_Entries shown_.
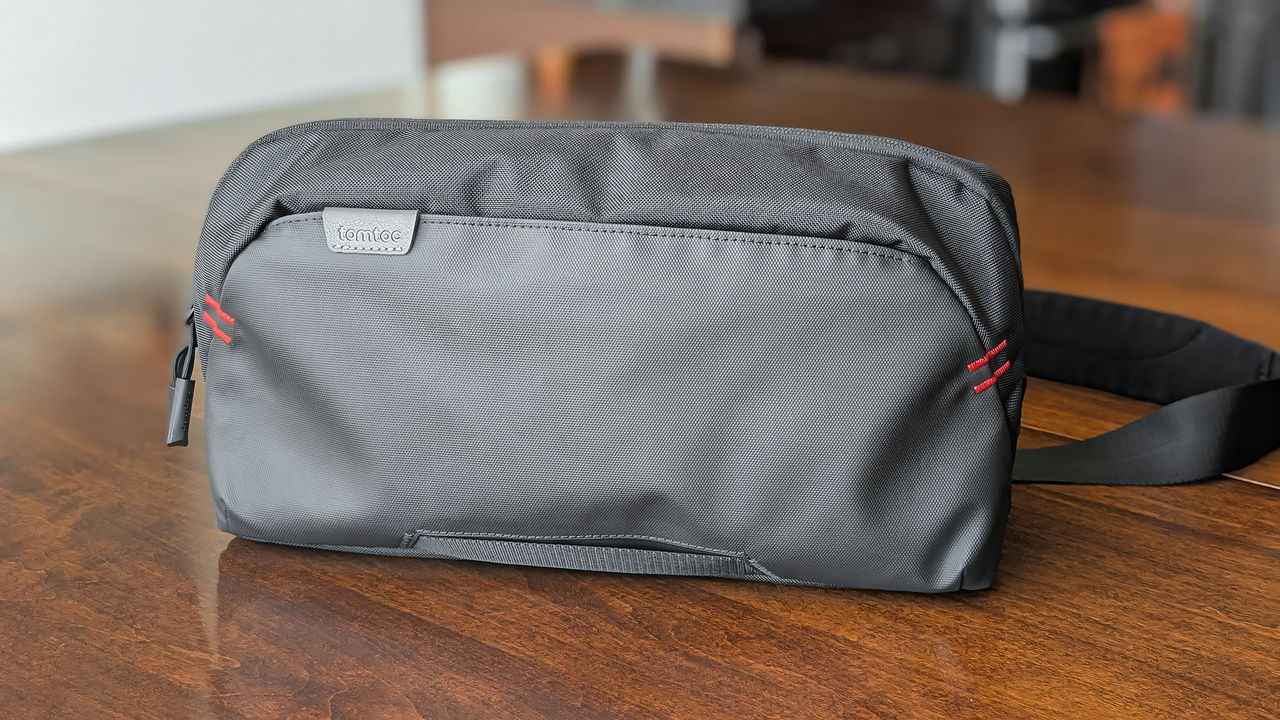 The Tomtoc Arccos G-47 Travel Bag on a wooden table.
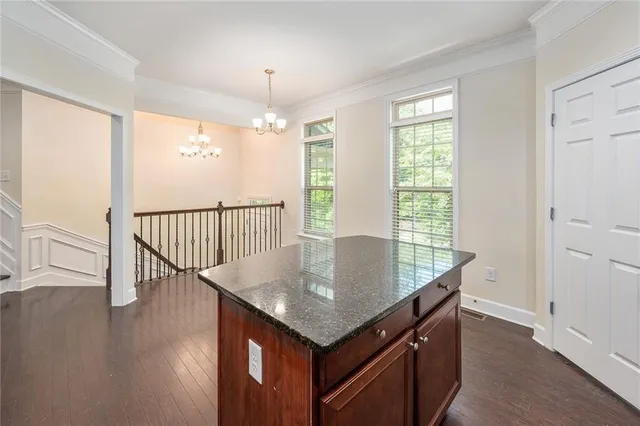 an open kitchen with wooden floor and window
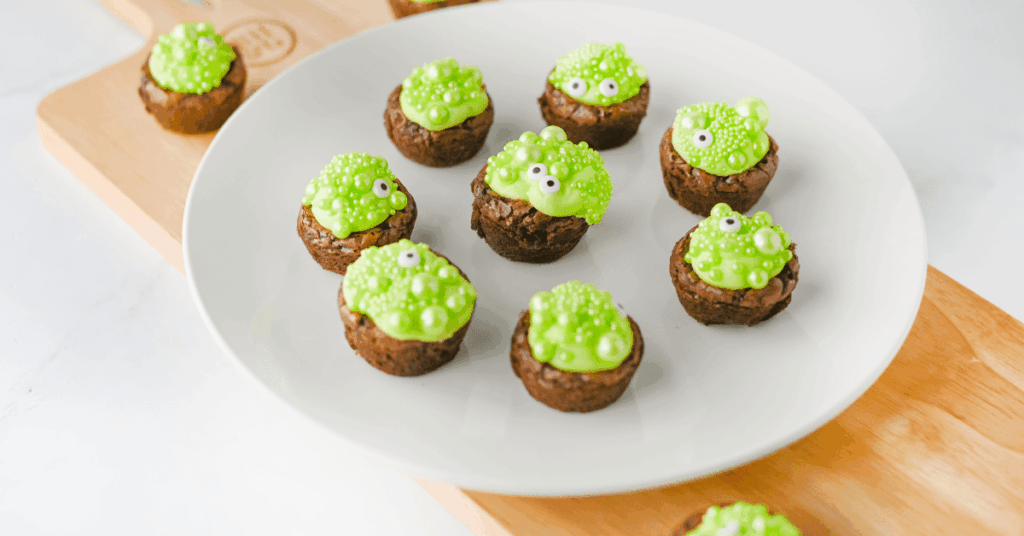 brownie bites with green icing and sprinkles to look like a bubbling cauldron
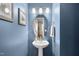 Charming half bath featuring a pedestal sink, oval mirror and light fixture on a blue painted wall at 322 Brier Crossings Loop, Durham, NC 27703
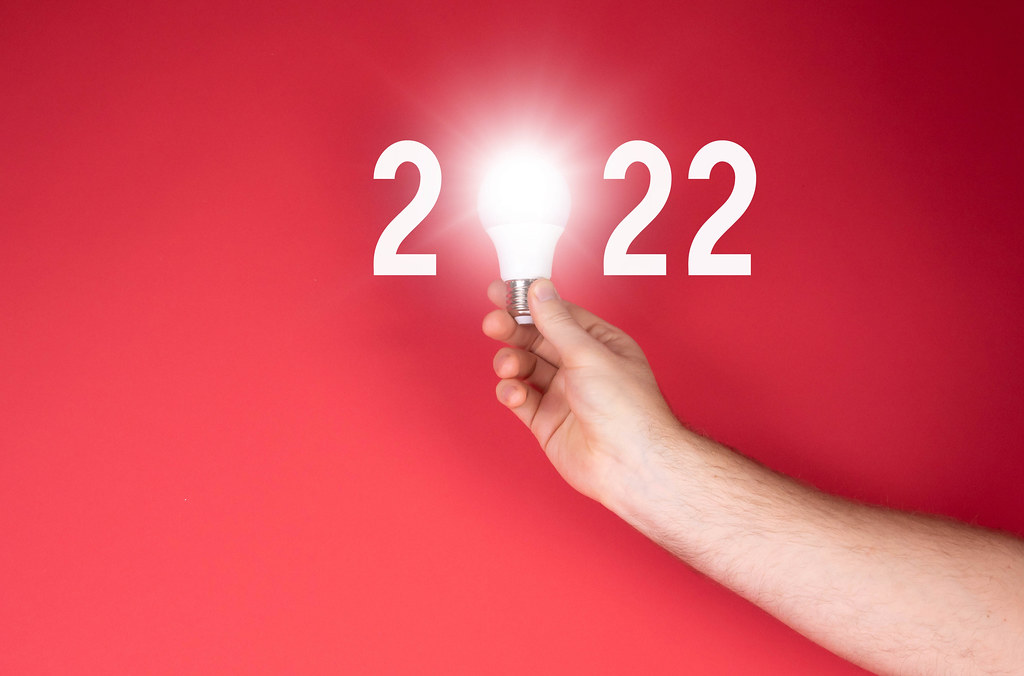 Hand holding lightbulb and 2022 text on red background
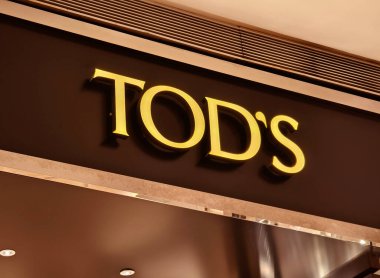 KUALA LUMPUR, MALAYSIA - AUGUST 28, 2024: Tods brand retail shop in the large shopping mall. clipart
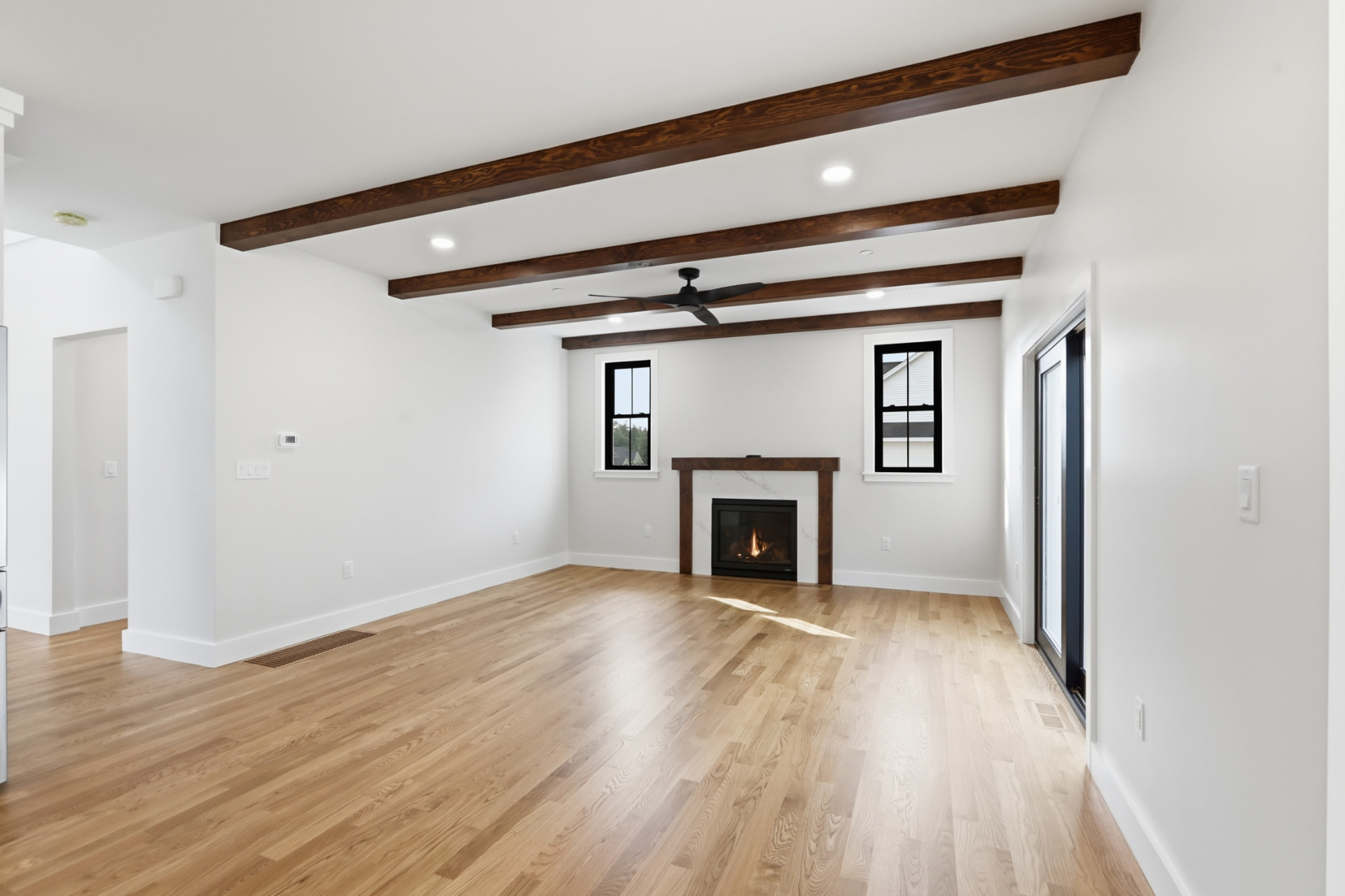 Great room with stained ceiling beams, gas fireplace, and white oak flooring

_Work request_.
Copy all of the data word for word, and keep the pictures out of it.

_Problem solution_.
 The Tomtoc Arccos G-47 Travel Bag on a wooden table.
 an open kitchen with wooden floor and window
 brownie bites with green icing and sprinkles to look like a bubbling cauldron
 Charming half bath featuring a pedestal sink, oval mirror and light fixture on a blue painted wall at 322 Brier Crossings Loop, Durham, NC 27703
 Hand holding lightbulb and 2022 text on red background
 KUALA LUMPUR, MALAYSIA - AUGUST 28, 2024: Tods brand retail shop in the large shopping mall. clipart
 Great room with stained ceiling beams, gas fireplace, and white oak flooring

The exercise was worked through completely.